Où en est-on maintenant ? « On est encerclé à l’Est et malheureusement aussi à l’Ouest, d’ennemis du projet européen. » Et les choses ne risquent pas de s’arranger de si tôt, est-on tenté d’ajouter. Une solution ? « La restauration du tandem franco-allemand après les élections et la formation de gouvernements (ce qui ne sera pas simple) est plus que nécessaire. Les deux pays représentent les deux grandes cultures économiques dans la zone euro. Un accord entre eux faciliterait grandement les choses ».

D’autres éléments permettraient-ils d’étayer un pronostic, en fait oui, si l’on va les glaner dans d’autres passages de cet avant-propos. Ainsi : « L’instrument de contrôle macroéconomique est resté une batterie de données sans vraie pression sur les pays de corriger leurs politiques. Le cas du surplus de certains pays sur leur balance courante est un cas bien connu ». Certains pays ? s’agirait-il surtout d’un pays dont le nom débute par « A » ? Ou encore, à propos de la crise grecque à partir de 2010 : « On dit souvent qu’on a trop demandé à ces pays. Mais si on avait donné plus de temps pour réduire les déficits publics, on aurait dû augmenter l’aide financière. On se serait heurté très rapidement aux limites de la solidarité ». Limites de la solidarité » ? les oreilles teintent-elles du même pays dont le nom débute par « A » ? Et pour finir, « Le seul instrument de politique qu’on avait prévu, le Pacte, a été décrédibilisé en 2003 quand la France et l’Allemagne ont réussi à imposer un changement des règles budgétaires afin de servir leurs propres objectifs nationaux.
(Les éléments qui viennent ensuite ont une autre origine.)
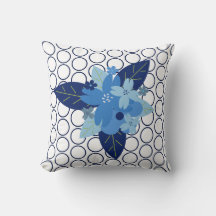 Elegante Floral Padrão Design Monocromático Azul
Il est vrai que l’Allemagne avait fait le choix prioritaire de réformes structurelles profondes. Mener en même temps une politique budgétaire austère était politiquement impossible, selon elle ».

L’Allemagne, selon Van Rompuy, n’a donc à aucun moment véritablement joué le jeu de la coopération nécessaire, imposant à tous par sa masse la manière de faire qui lui convenait. La même Allemagne réunifiée pour laquelle, comme il le dit aussi, l’euro avait été conçue comme un projet politique « pour [l’]ancrer définitivement […] dans une Europe plus unifiée ».

Ma conclusion, je ne l’emprunterai pas à l’ancien Président du Conseil européen mais à un économiste-homme d’État britannique qui écrivait le 1er décembre 1940, tandis que les bombes allemandes pleuvaient sur Londres :

« … j’ai indiqué que sous de nouveaux auspices, l’Allemagne sera autorisée à renouer avec cette part de leadership économique en Europe centrale qui découle naturellement de ses qualifications et de sa position géographique. J’imagine mal comment le reste de l’Europe pourrait espérer une reconstruction économique effective si l’Allemagne en est exclue et demeure une masse purulente en son sein ; une Allemagne reconstruite renouera nécessairement avec son leadership. Une telle conclusion est inévitable, à moins que nous n’ayons l’intention de confier la tâche à la Russie ». (John Maynard Keynes, Proposals to counter the German « New Order », mémorandum adressé au ministère britannique de l’Information)

Le choix demeure pour nous le même aujourd’hui : préférons-nous obéir à Berlin ou à Moscou ? Votre candidat favori à la présidentielle française a sans aucun doute un avis autorisé sur la question.